I knew you as a girl.

I knew you as a girl, with skinny legs, no boobs, and a great smile. I knew you with armfuls of books, and a head full of assignments, and boys. Or at least - the thought of boys. I knew you as a young girl, with hopes and dreams, of midnight feasts on red concrete floors, of short skirts and gold badges and dark blue ties, and gold berets worn when in public.

I knew you as a girl, in winter stockings, and blowing breath waiting for breakfast to begin, so we can silently stir the coffee during the news. I knew you as a daygirl, bringing treats and smokes, and stories of the outside world.

I knew you. Not very well, but I did know you.

I know how you throw your head back when you laugh, I know how you read poetry out-loud, I know what paintings you created for Art, with Miss Jamison, and what pottery formed under your hands for a Raku firing.

Thirty years ago I knew you. Nights in the library, researching some subject, stale biscuits with cold cordial on a colder night, or walking through the gardens on a hot summers afternoon.

I knew you. Sneaking swimming lessons in the school pool at night with silence as your friend, the occasion muffled giggle enticing the Headmaster from his home.

The assemblies, the singing, the school sports, the endless lessons.

"What are we working for, here at our lessons,
Why join together in book, lore and play?
Forty years on will be answered our questions,
If our School Motto speaks truly today."

I knew you. The letters written to lovers you married, and didn’t marry. The songs to unborn children, to the hopefulness of the future. To your ending as a daughter of scholarly learning, and the beginning of your life as a person of independence and life-learning.
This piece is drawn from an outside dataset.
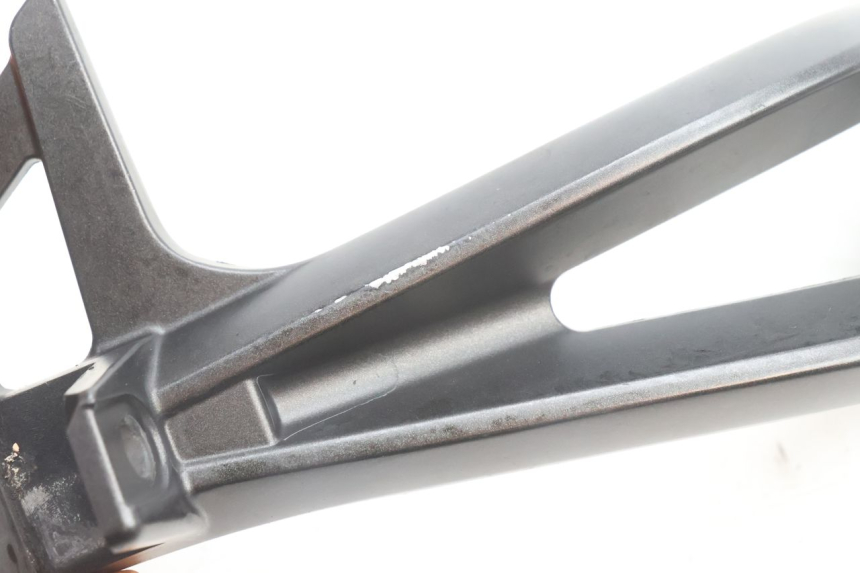 photo de SUPORTE DO DESCANSO DE PÉ TRASEIRO DIREITO YAMAHA FZ8 800 (2010 - 2016) - Detalhe da peça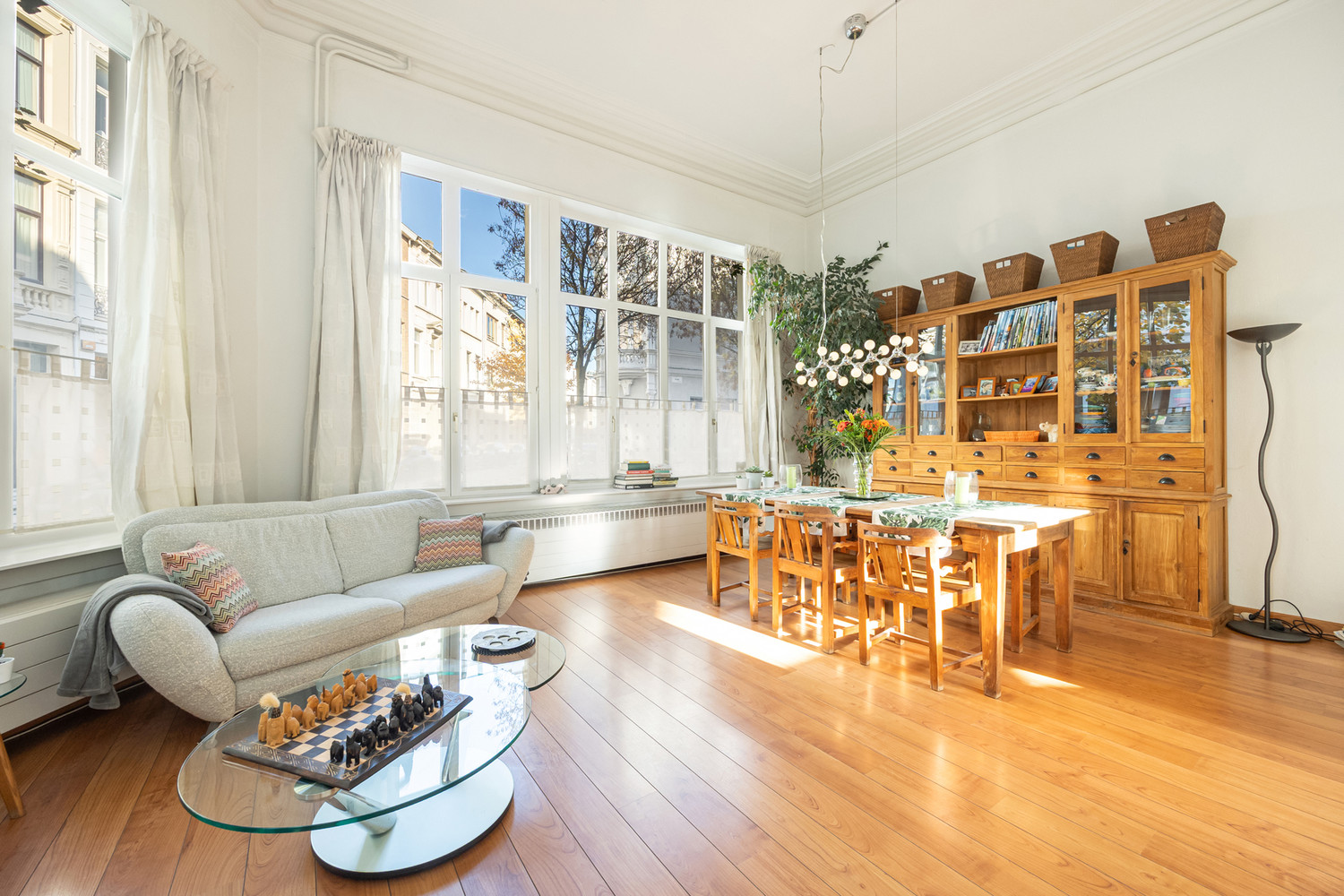 Karaktervolle en lumineuze burgerwoning (262m²) met aangename buitenruimte op hoeklocatie in hartje Zurenborg - photo 4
"Hearts bright with hope, with ambition high burning, Hearts of true women our school time prepares."

I heard your tears, I watched your smiles, I saw you looking into the void conjuring up your future. I was there.

"Parted are those who are singing today
When we look back and forgetfully wonder
What we were like in our work and our play."

My memories are not your memories, but they do include you. At times sisters, at times just friends, at times - nobodies, just getting on with our own lives and looking towards the future that beckoned its crooked finger to us.

Come. Play. Live. Learn. Experience!

"Then it may be there will often come o’er us
Whispers of notes like the catch of a song."

And now here we are, all grown up, adults, women!

Embracing our colourful, admirable, interesting lives like a second skin, our outer public layers…. Dealing with illness, departed family members and ageing parents, schooling, children, travel and life and Tim Tams moulding and shaping us to forms we cannot have imagined.

"Vision of girlhood will float then before us,
Echoes of dreamland will bear them along."


But I do recognise you. I knew you as a girl.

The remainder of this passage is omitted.